Antipattern: Infrastructure Ignorance 🚧

Author(s): Andreas, Theo, Christian

Ignoring the target environment, e.g. hardware performance, network topology and quality, power limitations during (initial) design or/and development. This lead to systems which do not meet the requirements and that will be hard or even impossible to fix later.

Description

Developers tend to focus too much on the business logic. Infrastructure is an important part of the whole application, even more today than before.

Ignoring the network latency and physical layout could result in bad performance.
Security considerations should be respected from the beginning. It is often not possible reengineer that later.
Legal considerations should be taken from start, for example might it prove difficult to remove personal data everytime from a Kafka stream, to follow local law (GDPR).
Just blindly using cloud technology might result in security and/or performance problems.

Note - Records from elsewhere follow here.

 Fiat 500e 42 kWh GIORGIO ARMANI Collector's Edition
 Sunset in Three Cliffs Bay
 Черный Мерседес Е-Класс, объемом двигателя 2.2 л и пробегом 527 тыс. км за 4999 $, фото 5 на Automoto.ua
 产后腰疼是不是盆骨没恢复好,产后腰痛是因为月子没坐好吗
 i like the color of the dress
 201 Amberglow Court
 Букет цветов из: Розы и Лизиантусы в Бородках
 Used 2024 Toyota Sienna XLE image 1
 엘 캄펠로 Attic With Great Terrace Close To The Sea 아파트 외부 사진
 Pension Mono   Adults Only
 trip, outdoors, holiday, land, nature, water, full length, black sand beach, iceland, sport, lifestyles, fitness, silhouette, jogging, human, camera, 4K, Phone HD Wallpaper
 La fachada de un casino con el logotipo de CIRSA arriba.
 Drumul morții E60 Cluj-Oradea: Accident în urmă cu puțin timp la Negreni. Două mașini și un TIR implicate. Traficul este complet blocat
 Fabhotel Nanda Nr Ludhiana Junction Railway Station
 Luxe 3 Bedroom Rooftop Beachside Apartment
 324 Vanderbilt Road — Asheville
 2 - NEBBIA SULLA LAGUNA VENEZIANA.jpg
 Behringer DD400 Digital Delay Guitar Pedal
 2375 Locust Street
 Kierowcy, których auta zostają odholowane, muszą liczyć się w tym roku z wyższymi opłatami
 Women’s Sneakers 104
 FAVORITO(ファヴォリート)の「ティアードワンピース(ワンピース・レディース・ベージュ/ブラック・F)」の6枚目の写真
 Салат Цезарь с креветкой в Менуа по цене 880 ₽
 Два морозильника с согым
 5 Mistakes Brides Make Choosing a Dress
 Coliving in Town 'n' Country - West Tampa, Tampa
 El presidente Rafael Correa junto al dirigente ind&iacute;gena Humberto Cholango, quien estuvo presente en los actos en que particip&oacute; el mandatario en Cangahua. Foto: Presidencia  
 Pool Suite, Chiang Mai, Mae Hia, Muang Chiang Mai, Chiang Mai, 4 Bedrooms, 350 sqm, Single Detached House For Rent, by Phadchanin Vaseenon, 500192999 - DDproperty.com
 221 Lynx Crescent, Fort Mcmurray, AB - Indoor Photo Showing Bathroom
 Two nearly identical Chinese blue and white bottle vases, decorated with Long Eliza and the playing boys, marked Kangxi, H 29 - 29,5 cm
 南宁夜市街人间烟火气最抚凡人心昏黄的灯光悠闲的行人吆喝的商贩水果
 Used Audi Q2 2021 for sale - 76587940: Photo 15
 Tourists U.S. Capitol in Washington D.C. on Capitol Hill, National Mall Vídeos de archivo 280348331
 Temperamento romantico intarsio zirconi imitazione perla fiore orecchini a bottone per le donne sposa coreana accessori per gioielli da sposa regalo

For example, encryption of all communication will improve the security but negatively impact the performance and latency.

What are some examples?

Developing a kiosk system only on the developer laptop but not on the real hardware.
Using blindly all cloud infrastructure like istio.io
Trying to use highly distributed services on a slow intranet.

🚧 missing examples in case studies 🚧

Why does this happen?

Focussing too much on the developing code, ignoring the target environment
Blindly trusting in technology standards like cloud technology
Start with something, get off fast, in the hope to fix theses other problems later
Addressing the target environment too late

How can we avoid getting into the situation in the first place?

Define (the important) quality goals and concrete quality scenarios
Test/Deploy early and regularly on target hardware (walking skeleton)
Check every component of the system if it can follow the legal restrictions, for example to delete personal data
Plan the deployment from the beginning, for example define/test the communication paths
Ask for help from external experts
Tactics and actions to reach quality goals
- Load, performance and stress testing
- Threat modeling
- Chaos Engineering
- …

What are suggestions to get out of the situation if we ended up in it?

Review, analyse current state
See above (Define quality goals, tactics and actions)
(Reconsidering the modularization of the overall system under aspects of the infrastructure, then possibly refactoring the components. For example merging microservices that are too dependent, so that the execution of one function is always involving the other service.)